Evidence has also surfaced showing that Trump and his allies tried to pressure Justice Department officials into abetting his attempts to illegally overturn his 2020 election loss.
Despite there being no evidence of widespread voter fraud, the weeks that followed the 2020 election saw Trump continually attempt to pressure state and federal officials to act on his baseless claims, from threatening retaliation to making lengthy cajoling phone calls.
Particularly alarming was his campaign to enlist the U.S. Department of Justice to validate and perpetuate his false allegations of voter fraud, including a plot to replace Justice Department leadership with a loyalist willing to help in his anti-democratic effort.

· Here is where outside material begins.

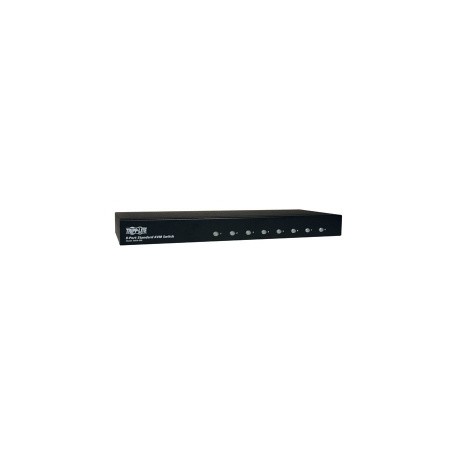 Tripp Lite Switch KVM PS2 B004-008, 8 Puertos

In early December, as Trump’s reelection campaign and its allies filed desperate lawsuits alleging various voter-fraud conspiracies, Attorney General William Barr — who stepped down later that month — publicly said the Justice Department had uncovered no evidence of widespread fraud that would have changed the election’s outcome.
Trump, who had long sought to use the Justice Department to serve his own political ends, remained fixated on coercing the department to cast further doubt on the election.
The New York Times first reported in late January that Trump had conspired to replace former acting Attorney General Jeffrey Rosen with Justice Department official Jeffrey Clark, a Trump loyalist who was willing to use the department to investigate unfounded allegations of widespread voter fraud and to work to prevent the certification of the Electoral College results.
Among the ploys floated by Clark, as confirmed in a Senate Judiciary Committee report released in October 2021, was a draft letter telling Georgia state legislators the department was investigating voting “irregularities,” and asking them to convene a special session for the purpose of “considering issues pertaining to the appointment of presidential electors.”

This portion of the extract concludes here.